C’est notamment parce que l’artiste a, par sa délicate mise en scène, su investir les vides entourant les pièces. Le visiteur comprend rapidement que l’espace entre celles-ci n’est pas un néant, mais bien partie prenante de l’œuvre. Ici Pierre Labat s’inscrit dans toute une tradition des « sculpteurs du vide », de Fontana à Klein. C’est un vide qui rappelle le concept japonais du « Ma ». « Ma », qui signifie « espace », « durée », « distance », « intervalle » est une idée qui traverse les différents territoires de l’esthétique japonaise. S’il est malaisé d’en relever ici toutes les subtilités, le « ma » se réfère notamment à la transition qui lie deux structures dans un espace donné, notamment l’une à l’extérieur, et l’autre à l’intérieur. On le retrouve dans la musique, la calligraphie ou le théâtre : c’est le vide habité qui lie deux phases d’expression et leur donne toute leur force. Le « ma » est au coeur de la pratique des artistes proches du mouvement « Mono-ha » comme Nobuo Sekine et Lee Ufan.
Le minimalisme de Pierre Labat pense l’homme comme partie de l’environnement, et non comme un monolithe hétérogène agissant à son gré dans un espace qui ne serait qu’un pur objet. Pour preuve, c’est que son minimaliste est autant un rapport à l’être humain qu’à l’item : chaque objet sélectionné est en effet aisément manipulable (la tasse et le journal) et appelle un certain rapport au corps ou à la nature (la branche et la serviette). La pièce la plus énigmatique est peut-être aussi la clé : une tige métallique aboutie par une boule de résine portant l’empreinte de la poigne de l’artiste. Comme si celui-ci avait serré la main de l’espace, dans un signe d’entente cordiale et de compréhension mutuelle.

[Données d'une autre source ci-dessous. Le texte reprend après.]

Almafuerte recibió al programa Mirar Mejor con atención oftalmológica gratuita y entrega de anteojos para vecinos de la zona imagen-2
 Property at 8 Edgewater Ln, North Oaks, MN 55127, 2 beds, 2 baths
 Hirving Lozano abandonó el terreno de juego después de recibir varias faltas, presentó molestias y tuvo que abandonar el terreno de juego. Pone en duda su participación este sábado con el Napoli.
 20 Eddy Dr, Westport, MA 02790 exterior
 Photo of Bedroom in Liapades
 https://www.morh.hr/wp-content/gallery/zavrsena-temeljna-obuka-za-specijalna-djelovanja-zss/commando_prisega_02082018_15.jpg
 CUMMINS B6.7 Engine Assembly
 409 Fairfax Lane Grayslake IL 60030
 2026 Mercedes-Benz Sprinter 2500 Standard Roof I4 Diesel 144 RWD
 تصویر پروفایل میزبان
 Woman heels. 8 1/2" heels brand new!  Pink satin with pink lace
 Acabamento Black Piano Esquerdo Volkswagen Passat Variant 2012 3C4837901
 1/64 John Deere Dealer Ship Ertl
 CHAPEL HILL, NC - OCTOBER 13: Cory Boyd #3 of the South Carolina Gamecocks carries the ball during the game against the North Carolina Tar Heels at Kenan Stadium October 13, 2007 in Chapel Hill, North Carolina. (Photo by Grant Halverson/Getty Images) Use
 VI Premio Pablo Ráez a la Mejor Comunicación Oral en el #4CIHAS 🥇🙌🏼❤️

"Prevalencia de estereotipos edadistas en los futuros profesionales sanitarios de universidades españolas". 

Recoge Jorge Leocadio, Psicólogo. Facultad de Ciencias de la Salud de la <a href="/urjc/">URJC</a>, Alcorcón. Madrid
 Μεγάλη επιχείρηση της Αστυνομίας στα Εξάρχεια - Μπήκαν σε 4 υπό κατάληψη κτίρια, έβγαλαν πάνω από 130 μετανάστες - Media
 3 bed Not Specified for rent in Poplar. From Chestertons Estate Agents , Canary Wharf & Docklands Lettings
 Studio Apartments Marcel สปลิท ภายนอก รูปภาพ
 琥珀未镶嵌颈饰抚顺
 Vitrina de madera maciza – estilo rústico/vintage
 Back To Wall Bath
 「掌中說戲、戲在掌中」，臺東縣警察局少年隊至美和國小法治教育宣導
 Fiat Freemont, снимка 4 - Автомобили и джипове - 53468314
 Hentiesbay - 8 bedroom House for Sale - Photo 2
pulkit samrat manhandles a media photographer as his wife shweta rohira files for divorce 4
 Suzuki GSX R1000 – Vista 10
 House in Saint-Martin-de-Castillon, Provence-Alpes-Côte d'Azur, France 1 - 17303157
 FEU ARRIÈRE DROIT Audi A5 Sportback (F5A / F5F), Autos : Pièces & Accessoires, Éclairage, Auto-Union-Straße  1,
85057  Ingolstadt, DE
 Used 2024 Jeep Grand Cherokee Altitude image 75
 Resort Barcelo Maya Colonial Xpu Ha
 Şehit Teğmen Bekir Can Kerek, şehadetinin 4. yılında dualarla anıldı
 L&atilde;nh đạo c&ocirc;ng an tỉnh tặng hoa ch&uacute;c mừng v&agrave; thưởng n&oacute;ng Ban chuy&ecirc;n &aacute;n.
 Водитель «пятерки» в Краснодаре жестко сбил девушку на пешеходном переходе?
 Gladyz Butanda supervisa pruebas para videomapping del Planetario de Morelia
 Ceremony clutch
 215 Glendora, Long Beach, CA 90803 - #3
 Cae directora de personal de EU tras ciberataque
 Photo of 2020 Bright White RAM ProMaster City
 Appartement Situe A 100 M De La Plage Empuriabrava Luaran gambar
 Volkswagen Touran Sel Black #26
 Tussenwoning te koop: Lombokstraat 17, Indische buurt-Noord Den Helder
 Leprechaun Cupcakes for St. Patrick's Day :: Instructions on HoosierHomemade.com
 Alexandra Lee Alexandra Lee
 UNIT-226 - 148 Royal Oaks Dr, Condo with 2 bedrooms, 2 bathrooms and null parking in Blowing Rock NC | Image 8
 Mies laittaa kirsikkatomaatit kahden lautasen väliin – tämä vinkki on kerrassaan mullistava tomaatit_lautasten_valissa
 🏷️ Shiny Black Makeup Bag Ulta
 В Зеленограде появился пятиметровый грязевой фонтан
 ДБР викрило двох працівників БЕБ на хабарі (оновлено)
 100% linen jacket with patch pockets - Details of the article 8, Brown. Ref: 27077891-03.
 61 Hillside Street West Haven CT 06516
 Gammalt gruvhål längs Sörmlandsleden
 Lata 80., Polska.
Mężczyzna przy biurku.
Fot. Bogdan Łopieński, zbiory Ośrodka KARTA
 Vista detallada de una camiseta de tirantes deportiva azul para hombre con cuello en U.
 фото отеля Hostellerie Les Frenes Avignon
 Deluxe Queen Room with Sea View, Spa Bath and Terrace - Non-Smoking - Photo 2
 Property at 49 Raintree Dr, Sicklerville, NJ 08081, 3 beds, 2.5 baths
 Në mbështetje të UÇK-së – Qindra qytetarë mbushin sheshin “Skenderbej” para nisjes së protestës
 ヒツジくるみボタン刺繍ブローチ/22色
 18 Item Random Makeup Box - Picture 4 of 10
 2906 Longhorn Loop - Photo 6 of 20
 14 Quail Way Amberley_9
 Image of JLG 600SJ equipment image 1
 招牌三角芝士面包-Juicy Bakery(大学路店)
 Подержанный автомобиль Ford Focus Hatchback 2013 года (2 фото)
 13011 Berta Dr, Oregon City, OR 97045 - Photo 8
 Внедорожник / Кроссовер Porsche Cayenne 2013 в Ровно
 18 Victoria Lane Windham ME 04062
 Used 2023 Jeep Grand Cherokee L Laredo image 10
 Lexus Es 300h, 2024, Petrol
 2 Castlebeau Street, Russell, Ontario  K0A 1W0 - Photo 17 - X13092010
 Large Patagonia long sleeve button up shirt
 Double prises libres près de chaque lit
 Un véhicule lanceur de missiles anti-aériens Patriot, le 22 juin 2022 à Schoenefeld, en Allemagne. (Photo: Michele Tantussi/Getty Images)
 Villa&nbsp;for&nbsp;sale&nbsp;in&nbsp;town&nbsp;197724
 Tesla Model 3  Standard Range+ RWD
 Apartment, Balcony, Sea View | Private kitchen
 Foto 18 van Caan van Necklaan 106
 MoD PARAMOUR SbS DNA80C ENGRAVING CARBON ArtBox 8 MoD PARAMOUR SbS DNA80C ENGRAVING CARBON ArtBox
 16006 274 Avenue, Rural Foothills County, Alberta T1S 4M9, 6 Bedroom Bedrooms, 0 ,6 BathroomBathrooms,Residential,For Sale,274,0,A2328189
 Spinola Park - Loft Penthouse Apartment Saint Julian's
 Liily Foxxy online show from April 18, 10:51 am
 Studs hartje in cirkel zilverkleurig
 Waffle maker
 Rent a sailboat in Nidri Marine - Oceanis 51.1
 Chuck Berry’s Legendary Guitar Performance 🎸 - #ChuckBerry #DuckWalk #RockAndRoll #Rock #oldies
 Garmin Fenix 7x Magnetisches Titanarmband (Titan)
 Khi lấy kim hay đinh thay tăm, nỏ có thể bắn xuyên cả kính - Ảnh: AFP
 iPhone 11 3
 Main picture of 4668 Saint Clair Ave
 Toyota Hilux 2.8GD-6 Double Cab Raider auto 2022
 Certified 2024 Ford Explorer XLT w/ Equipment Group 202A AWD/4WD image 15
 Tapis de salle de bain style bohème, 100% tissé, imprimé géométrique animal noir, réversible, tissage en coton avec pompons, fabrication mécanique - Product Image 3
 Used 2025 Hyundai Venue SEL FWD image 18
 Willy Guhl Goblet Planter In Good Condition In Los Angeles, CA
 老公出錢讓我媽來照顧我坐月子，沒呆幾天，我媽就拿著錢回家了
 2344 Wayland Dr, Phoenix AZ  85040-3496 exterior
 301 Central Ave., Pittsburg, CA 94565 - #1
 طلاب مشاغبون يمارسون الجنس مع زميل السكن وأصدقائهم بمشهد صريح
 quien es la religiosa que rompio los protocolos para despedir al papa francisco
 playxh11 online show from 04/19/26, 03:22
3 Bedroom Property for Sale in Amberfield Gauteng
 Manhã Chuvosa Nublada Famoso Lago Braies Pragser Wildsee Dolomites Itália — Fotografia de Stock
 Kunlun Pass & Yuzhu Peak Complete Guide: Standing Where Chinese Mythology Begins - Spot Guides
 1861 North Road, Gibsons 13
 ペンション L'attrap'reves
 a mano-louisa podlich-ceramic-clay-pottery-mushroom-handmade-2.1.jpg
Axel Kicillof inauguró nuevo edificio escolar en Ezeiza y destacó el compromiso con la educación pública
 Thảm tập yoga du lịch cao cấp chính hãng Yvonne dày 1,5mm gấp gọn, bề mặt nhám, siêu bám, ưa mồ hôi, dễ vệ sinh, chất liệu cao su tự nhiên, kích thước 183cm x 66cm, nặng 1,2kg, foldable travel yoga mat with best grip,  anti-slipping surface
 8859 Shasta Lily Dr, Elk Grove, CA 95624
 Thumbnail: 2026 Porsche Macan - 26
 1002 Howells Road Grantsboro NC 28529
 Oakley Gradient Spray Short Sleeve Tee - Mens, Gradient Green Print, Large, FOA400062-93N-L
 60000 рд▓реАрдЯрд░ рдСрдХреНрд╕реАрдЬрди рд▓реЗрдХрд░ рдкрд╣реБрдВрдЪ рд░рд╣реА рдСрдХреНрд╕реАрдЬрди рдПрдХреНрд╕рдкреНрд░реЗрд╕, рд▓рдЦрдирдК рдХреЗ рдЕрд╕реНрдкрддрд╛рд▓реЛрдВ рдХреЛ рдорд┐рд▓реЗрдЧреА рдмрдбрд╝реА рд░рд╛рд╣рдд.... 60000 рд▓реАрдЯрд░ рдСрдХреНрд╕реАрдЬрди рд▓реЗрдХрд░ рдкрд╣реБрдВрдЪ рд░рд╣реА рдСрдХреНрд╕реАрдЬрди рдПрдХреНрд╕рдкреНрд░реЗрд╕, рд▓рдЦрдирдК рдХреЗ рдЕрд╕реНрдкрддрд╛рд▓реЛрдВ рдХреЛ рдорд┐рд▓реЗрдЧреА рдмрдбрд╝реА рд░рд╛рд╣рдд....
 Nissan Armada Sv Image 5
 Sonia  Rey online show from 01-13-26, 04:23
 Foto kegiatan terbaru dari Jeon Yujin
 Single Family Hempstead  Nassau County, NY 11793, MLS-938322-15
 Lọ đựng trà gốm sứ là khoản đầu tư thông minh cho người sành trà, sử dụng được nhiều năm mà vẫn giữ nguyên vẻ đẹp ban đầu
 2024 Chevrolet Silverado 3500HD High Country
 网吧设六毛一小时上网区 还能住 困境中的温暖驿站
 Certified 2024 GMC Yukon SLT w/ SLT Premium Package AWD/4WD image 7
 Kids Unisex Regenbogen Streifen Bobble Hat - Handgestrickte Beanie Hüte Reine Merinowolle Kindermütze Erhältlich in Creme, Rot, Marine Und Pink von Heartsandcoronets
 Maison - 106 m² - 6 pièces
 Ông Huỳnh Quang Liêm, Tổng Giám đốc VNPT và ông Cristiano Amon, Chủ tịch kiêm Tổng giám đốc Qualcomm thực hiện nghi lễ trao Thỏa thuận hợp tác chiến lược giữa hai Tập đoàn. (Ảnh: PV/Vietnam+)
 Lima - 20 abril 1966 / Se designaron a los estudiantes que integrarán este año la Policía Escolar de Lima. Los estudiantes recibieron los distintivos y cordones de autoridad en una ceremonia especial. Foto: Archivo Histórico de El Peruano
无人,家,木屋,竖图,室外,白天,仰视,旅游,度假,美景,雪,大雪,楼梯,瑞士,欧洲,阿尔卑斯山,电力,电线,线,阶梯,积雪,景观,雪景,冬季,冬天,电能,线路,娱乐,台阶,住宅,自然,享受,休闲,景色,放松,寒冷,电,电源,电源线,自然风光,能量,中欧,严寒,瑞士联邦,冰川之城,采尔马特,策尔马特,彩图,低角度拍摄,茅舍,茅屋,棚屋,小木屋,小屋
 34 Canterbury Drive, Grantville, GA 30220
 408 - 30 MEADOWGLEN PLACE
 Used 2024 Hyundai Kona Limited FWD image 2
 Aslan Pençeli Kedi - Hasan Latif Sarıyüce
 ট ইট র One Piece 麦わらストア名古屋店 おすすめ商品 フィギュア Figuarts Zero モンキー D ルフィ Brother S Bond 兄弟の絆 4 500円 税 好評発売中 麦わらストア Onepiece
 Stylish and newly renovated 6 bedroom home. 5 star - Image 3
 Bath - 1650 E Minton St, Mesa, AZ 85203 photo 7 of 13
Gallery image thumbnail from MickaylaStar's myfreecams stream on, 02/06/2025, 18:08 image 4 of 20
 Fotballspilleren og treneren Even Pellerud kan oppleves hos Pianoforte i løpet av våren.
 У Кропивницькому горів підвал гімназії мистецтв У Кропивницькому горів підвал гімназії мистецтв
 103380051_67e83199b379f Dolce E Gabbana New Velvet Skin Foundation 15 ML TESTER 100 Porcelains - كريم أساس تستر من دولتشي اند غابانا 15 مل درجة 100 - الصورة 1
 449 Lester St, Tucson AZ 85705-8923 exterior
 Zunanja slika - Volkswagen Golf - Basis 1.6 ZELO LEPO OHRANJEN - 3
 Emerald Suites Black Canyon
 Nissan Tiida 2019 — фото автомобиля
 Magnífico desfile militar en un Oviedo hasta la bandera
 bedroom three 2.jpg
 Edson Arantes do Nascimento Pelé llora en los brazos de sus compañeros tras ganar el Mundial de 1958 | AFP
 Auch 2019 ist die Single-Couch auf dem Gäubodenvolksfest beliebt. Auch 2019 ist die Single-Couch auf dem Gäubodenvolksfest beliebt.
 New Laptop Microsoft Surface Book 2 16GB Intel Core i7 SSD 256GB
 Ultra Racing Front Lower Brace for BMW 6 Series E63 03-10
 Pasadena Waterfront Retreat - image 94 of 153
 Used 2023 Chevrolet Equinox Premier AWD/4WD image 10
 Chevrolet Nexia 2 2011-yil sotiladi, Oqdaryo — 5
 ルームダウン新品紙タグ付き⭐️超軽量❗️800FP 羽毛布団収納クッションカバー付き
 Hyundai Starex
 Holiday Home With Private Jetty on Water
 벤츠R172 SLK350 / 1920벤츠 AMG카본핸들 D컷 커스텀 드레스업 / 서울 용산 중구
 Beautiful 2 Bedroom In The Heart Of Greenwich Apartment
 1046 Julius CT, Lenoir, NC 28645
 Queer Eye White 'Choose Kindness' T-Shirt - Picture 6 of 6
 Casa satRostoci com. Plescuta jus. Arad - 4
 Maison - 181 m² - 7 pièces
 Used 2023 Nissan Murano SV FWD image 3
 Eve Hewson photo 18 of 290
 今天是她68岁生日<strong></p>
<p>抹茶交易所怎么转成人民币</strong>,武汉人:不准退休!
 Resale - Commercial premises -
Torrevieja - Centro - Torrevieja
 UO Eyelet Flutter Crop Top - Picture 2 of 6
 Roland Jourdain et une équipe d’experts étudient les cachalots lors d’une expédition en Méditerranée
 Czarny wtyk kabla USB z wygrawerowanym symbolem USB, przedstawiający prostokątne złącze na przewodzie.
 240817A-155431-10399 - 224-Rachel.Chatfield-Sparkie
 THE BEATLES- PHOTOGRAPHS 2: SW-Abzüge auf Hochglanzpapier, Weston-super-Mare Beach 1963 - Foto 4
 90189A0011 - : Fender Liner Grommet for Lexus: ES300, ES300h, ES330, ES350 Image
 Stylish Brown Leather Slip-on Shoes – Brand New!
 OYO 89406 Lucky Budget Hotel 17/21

Le titre Mute ou « silence » fait référence au supposé « void », « le vide ». Pierre Labat annonçait ici la couleur : ainsi, ce qui fait sens, c’est l’espace entre les choses (les sculptures et le spectateur), espace interrogé et valorisé, parce que c’est cet écart, variable, qui précise les rapports de force comme il modifie les contours-même des choses en question. Il n’y a en fait pas de vide, pas plus qu’il n’y a de silence, il n’y a que des territoires qui ne demandent qu’à être remarqués, chéris et investis. Mute est une invitation à penser que l’insignifiance n’est que notre incapacité à correspondre avec notre environnement, et que celui-ci, flottant et toujours mouvant, commande notre attention la plus haute. En établissant un nouveau rapport à l’environnement, plus lent et plus conscient, Pierre Labat reforge une alliance plausible entre macrocosme et microcosme, et préserve l’homme d’un isolement mortifère. Le voilà revenu à sa place, non pas au centre du monde, mais oscillant comme l’un de ses multiples composants.